--- Instructions for the task ---
Scan the listing that follows and report how many lines contain "Shoulder". Write the number alone.
*** Begin section ***
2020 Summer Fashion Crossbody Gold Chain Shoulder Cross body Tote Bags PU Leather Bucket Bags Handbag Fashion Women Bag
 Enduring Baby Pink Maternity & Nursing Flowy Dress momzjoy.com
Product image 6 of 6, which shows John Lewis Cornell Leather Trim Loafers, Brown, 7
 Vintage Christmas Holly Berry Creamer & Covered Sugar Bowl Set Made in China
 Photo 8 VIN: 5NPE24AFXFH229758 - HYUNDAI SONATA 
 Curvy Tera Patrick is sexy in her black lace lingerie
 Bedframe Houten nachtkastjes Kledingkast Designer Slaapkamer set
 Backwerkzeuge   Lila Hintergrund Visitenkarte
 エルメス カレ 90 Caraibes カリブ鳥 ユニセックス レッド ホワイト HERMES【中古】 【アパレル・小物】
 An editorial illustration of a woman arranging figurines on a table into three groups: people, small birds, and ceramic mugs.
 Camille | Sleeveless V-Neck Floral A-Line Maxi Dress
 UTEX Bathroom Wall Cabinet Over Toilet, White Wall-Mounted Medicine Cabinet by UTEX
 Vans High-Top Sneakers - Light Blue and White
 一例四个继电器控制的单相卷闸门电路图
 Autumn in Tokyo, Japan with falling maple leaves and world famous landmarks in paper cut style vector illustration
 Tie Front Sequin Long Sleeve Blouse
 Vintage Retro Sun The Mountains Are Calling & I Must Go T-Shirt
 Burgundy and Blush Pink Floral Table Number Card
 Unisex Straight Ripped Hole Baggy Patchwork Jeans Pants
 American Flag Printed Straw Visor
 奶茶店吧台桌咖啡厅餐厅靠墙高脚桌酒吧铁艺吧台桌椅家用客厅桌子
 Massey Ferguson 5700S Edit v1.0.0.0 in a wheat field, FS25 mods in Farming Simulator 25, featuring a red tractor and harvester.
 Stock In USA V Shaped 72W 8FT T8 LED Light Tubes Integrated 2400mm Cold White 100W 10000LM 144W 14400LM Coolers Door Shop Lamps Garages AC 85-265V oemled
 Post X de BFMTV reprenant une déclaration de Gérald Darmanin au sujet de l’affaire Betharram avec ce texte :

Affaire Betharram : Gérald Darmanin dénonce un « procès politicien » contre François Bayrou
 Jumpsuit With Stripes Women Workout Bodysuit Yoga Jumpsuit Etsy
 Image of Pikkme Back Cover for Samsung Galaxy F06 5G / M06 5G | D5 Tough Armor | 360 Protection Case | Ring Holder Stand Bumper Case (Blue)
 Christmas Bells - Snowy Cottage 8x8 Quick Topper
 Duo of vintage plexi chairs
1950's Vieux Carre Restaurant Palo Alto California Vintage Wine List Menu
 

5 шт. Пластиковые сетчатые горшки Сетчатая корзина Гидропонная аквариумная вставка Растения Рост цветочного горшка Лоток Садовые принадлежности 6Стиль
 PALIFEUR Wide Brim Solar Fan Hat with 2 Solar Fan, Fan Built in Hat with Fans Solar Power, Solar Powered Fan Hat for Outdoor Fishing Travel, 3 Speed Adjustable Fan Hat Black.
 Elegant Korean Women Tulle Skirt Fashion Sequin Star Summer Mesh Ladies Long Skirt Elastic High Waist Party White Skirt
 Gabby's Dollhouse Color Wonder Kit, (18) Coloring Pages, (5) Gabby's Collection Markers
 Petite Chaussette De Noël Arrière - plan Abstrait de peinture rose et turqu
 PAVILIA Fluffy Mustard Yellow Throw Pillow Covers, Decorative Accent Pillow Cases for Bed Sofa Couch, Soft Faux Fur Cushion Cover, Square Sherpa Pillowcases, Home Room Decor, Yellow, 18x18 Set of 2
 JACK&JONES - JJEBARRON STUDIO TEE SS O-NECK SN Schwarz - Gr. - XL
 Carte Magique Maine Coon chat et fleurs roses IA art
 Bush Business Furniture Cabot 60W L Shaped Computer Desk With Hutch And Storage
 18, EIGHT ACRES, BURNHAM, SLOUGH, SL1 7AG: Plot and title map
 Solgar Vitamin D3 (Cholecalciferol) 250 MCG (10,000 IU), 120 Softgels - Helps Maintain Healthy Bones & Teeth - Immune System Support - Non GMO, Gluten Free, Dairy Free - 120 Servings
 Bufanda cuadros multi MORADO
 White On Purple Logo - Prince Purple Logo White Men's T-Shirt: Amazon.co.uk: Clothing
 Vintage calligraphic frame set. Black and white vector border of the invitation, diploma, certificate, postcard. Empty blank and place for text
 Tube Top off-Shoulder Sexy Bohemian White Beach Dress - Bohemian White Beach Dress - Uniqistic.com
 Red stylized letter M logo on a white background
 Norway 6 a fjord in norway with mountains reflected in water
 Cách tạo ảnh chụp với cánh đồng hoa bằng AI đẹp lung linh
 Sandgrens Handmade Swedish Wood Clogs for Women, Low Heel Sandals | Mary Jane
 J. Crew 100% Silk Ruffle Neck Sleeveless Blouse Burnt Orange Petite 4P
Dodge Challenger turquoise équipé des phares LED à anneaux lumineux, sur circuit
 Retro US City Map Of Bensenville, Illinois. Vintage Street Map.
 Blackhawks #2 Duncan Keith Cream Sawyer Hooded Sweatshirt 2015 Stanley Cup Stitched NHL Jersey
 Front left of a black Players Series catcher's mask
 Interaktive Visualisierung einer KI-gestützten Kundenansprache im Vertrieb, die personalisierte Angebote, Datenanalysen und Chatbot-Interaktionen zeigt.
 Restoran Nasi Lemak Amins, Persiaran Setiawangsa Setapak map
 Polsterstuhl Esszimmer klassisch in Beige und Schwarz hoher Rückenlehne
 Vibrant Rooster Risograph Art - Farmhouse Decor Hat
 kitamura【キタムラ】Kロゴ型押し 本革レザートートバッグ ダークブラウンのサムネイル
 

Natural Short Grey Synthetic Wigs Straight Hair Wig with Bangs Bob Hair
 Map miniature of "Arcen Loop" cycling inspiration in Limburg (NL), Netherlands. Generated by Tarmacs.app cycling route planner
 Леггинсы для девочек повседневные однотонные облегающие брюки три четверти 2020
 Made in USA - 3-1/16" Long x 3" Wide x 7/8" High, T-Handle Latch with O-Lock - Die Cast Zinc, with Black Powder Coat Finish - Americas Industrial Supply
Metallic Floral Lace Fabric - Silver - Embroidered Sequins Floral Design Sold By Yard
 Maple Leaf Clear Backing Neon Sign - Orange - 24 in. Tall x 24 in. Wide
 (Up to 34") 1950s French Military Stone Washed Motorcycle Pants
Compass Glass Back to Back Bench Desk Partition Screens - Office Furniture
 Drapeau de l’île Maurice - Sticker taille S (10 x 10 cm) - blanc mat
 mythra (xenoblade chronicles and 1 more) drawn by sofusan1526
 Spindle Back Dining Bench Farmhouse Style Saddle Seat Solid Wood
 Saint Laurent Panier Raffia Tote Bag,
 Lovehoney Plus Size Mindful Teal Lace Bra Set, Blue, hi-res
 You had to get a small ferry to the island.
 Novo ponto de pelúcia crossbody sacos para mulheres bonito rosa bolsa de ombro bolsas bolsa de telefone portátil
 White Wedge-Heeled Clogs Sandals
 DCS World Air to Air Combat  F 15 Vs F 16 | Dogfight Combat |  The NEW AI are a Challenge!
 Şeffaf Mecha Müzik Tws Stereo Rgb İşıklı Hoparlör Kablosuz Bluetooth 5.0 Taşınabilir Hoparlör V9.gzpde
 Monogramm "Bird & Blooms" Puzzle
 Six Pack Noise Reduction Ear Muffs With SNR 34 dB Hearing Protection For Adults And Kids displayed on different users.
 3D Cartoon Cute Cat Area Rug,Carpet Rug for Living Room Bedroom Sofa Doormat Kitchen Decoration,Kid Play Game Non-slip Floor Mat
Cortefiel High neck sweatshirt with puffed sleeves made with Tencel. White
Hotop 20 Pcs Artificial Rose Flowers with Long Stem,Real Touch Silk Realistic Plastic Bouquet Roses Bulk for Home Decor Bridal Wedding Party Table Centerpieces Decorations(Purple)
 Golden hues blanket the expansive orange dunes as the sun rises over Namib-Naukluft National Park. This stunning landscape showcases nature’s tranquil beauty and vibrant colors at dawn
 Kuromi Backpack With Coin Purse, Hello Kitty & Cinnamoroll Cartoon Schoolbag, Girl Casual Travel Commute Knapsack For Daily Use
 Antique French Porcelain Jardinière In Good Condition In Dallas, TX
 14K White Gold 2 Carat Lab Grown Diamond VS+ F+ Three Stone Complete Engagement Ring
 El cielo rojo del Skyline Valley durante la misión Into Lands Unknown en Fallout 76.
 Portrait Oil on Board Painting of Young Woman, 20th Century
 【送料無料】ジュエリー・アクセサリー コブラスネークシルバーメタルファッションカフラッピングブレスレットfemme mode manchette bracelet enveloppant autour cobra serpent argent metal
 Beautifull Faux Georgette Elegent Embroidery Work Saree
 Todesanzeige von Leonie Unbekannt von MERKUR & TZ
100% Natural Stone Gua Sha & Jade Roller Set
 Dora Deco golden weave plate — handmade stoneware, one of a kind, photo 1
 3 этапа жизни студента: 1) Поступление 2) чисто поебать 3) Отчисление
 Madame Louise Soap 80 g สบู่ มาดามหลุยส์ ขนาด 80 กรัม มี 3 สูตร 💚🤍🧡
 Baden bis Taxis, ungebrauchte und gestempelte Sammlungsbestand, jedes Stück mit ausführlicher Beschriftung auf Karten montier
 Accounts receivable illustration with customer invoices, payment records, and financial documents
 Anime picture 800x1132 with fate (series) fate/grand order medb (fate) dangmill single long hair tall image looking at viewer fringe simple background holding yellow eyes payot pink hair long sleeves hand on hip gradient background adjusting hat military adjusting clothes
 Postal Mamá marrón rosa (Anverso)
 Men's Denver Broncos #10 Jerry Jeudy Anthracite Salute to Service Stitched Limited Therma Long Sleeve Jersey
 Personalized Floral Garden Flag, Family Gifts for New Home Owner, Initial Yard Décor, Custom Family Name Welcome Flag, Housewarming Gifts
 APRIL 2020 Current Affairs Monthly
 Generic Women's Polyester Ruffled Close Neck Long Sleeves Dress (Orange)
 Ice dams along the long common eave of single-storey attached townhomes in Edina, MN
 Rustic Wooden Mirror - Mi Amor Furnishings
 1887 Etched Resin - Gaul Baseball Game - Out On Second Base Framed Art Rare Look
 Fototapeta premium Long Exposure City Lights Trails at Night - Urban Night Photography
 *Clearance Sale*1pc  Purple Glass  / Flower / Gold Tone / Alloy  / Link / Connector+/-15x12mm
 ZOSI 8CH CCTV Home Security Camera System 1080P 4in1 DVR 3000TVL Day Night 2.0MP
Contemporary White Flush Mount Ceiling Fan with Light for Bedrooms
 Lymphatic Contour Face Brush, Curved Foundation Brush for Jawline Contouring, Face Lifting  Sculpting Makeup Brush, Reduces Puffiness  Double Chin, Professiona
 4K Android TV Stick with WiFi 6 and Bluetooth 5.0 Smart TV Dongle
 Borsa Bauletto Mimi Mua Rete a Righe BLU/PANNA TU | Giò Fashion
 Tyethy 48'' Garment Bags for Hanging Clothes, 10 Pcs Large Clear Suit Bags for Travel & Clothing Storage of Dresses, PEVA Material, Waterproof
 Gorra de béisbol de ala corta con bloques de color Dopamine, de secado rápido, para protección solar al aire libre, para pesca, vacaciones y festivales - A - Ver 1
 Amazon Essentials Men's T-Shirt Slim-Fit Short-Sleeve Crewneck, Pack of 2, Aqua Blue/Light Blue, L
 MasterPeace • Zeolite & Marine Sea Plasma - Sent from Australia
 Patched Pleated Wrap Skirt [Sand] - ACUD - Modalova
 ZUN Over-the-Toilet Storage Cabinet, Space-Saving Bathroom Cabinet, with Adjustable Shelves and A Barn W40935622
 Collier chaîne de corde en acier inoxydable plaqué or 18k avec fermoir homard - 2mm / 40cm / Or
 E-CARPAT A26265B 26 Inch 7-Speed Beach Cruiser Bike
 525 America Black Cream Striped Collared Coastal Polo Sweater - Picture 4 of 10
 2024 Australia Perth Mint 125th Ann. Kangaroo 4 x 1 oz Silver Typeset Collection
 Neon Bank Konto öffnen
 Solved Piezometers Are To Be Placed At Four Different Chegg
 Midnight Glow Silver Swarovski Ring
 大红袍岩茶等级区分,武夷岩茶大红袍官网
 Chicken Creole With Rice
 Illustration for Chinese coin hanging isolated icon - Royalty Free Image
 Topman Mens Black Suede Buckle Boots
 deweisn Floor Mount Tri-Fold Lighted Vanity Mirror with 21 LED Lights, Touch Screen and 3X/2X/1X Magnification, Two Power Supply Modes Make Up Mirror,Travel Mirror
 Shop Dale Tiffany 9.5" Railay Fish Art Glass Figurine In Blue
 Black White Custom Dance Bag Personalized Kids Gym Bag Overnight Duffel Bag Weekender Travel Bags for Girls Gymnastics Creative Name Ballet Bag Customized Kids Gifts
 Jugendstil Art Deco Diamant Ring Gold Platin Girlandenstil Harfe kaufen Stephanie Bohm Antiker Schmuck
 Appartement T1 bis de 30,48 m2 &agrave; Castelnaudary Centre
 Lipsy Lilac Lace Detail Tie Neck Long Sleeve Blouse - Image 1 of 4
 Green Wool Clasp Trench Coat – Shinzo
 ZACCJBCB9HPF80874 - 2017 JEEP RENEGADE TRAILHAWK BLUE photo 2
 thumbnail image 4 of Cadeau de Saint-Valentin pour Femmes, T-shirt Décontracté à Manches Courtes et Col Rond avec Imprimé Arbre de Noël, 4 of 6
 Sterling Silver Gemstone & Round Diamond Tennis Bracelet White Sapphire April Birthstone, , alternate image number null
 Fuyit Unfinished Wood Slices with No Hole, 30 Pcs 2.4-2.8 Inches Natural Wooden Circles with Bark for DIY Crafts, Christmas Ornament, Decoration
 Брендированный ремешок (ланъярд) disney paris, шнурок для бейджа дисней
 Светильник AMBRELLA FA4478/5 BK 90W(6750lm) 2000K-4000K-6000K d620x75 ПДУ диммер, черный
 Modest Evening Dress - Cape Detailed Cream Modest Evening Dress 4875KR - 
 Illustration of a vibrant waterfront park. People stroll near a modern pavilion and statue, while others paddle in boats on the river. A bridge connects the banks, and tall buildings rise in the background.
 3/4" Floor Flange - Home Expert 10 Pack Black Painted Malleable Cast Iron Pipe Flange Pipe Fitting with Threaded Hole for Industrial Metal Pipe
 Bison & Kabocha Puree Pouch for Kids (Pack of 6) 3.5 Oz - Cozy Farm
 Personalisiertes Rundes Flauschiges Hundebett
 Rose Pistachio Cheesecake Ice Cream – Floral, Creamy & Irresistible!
*** End section ***
--- Response below ---
2